I was sick from 2005 to 2016, beginning and ending in the month of May. I got sick when I was just finishing my first of three years of grad school in humanities. I focused on 20th century literature, and that meant world lit, not just English or American or any “old” stuff. I liked what we read but we read some really heavy duty literature. No happy endings. I can’t remember a single one in all the novels and poetry I read. In fact, one was so demanding emotionally that I was starting to have panic attacks as I read about the torture. I had to ask my professor if I could skip some of those parts. She said, fine with her. I read a ton of those books, wrote about them all and was done with the degree and that reading in May 2007 (with all As, thank you very much).

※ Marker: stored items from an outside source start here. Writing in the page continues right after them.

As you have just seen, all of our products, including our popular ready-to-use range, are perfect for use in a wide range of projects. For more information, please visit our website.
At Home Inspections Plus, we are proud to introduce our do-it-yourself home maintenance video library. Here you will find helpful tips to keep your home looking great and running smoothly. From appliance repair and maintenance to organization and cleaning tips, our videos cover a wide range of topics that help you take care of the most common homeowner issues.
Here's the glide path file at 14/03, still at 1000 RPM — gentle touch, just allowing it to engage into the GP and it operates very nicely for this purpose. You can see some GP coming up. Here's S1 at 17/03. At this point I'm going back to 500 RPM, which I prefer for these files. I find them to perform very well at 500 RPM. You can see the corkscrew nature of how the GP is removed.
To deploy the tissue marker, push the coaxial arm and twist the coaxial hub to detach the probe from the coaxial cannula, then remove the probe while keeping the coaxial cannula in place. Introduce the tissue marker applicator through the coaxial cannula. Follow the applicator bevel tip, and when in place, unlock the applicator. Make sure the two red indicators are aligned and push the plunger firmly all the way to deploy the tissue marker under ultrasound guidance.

I did continue for awhile on that track of reading because I really liked my prof, thought I was enlightening myself and all that. But then as time dragged on and I was getting sicker and spending more hospital time and trying to read there, I got real tired of the Big Literature and not even feeling enlightened – or caring. I was re-reading Anna Karenina, got pretty far in (it was a new translation and a fabulous read this time), then I suddenly remembered the horrible, tragic ending, and marked the page and shelved it. Like maybe forever. Then I re-read a Jane Austen novel and read a couple others new to me, and very little happiness happened for very many characters between page one and The End. Tried Margaret Atwood – no, no, no! I read The Hobbit and enjoyed that but couldn’t go further with Tolkien, way too dark and really scary – and what exactly was a happy ending in those books and movies anyway? I did read all of the Harry Potter books one summer – thank you, J.K. Rowling. They were awesome and fun, a bit scary but I knew Harry and Hermione would be fine, no matter what Voldemort did (well, sort of).

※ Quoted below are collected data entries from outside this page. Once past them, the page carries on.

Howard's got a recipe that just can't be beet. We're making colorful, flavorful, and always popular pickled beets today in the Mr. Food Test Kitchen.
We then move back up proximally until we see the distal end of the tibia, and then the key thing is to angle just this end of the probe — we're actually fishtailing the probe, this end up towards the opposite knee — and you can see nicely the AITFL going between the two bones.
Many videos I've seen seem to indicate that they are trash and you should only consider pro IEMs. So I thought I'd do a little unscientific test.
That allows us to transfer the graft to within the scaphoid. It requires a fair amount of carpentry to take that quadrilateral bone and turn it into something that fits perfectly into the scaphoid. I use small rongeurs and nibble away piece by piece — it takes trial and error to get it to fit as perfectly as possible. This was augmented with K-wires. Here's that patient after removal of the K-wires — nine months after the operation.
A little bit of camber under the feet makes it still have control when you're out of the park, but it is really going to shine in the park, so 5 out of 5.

But then I ran into some romantic characters in my own journal one morning, and they wouldn’t leave me alone. So I wrote that first novel. Then I wrote a second one. And I read a WHOLE LOT of romance novels and found out a lot of women (secretly) read them, too. I discovered Happily Ever After existed in romance novels and I fell in love with the concept and those endings (and the in-betweens – fuzzy warmness).
Now it seems I’m addicted to them. Reading them makes me happy and I like that state of mind – “It’s all going to work out, Dana.” Now I’m planning on writing a series of romance novels (that’s what romance authors do) and I can hardly wait to start. I read a lot of really good romance authors who give good advice – Diana Gabaldon, Outlander series (who doesn’t like Jamie and Claire?), Nalini Singh, a New Zealander who was a practicing attorney in Auckland who dropped out of law to write romance (some paranormal romance, too), Kristen Ashley who wrote a series of eight books based in Denver about Rock Chicks. I tell you, it gets to be a lot of fun! And I spend most of my days smiling as I’m both reading and writing.
I will write my transplant guidebook and perhaps go on the road with that, but romance reading and writing is now home to me. Yay for happy endings! I hope I get all A-plusses and make a lot of money doing it!